WHAT YOU NEED TO DO:
Exclude images, then output the remaining data verbatim.

PROVIDED DATA:
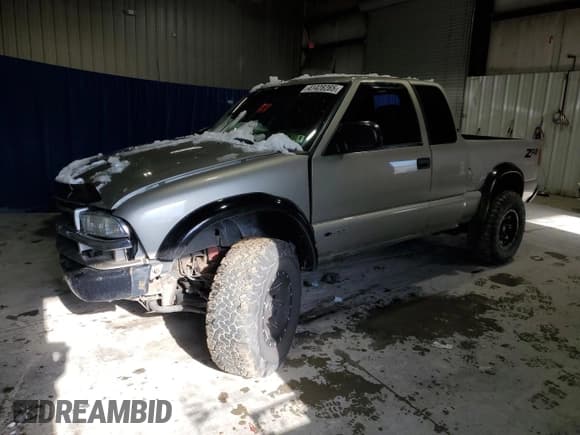 ✅ 2003 Chevrolet S-10 LS • VIN: 1GCCT19X138113763 • Лот: 41428265. Опубликован ранее на Copart с пробегом 158 794 миль. Бесплатный доступ к архиву аукционных продаж из США и подробный отчёт об истории автомобиля на DreamBid. Изображение 1.
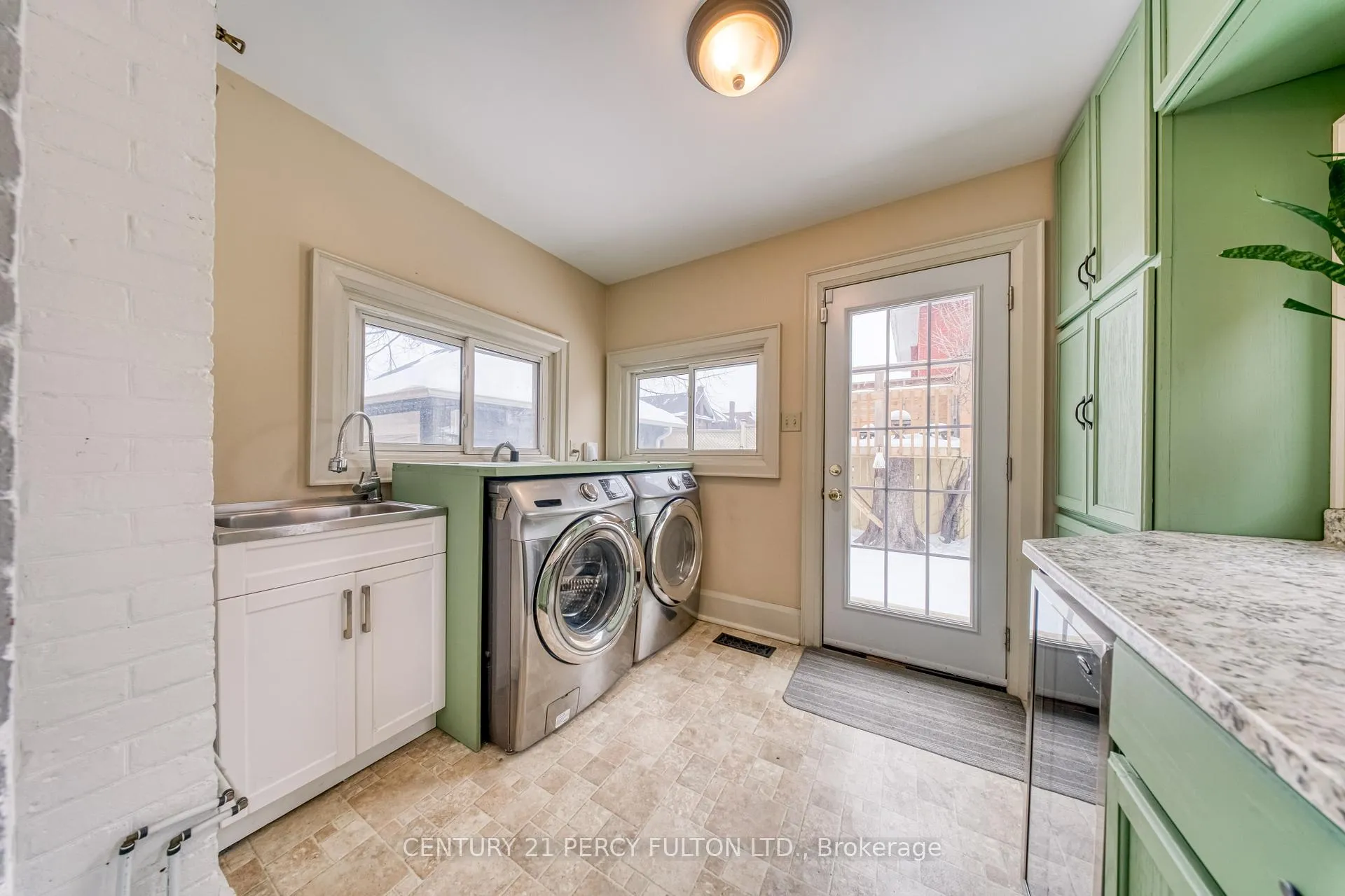 Photo 14 of 70 Drew Street, Oshawa, Central — HOMEH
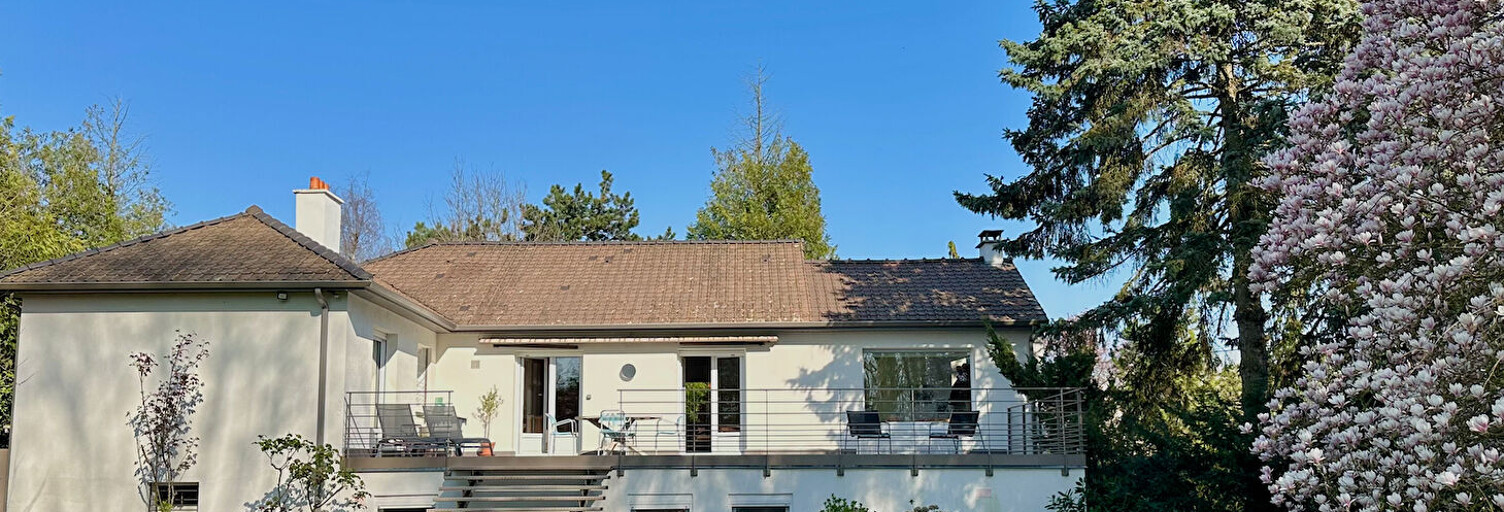 Maison 7 Pièces 185 m² à vendre à Mérignies (59710)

WRITTEN RESPONSE:
 ✅ 2003 Chevrolet S-10 LS • VIN: 1GCCT19X138113763 • Лот: 41428265. Опубликован ранее на Copart с пробегом 158 794 миль. Бесплатный доступ к архиву аукционных продаж из США и подробный отчёт об истории автомобиля на DreamBid. Изображение 1.
 Photo 14 of 70 Drew Street, Oshawa, Central — HOMEH
 Maison 7 Pièces 185 m² à vendre à Mérignies (59710)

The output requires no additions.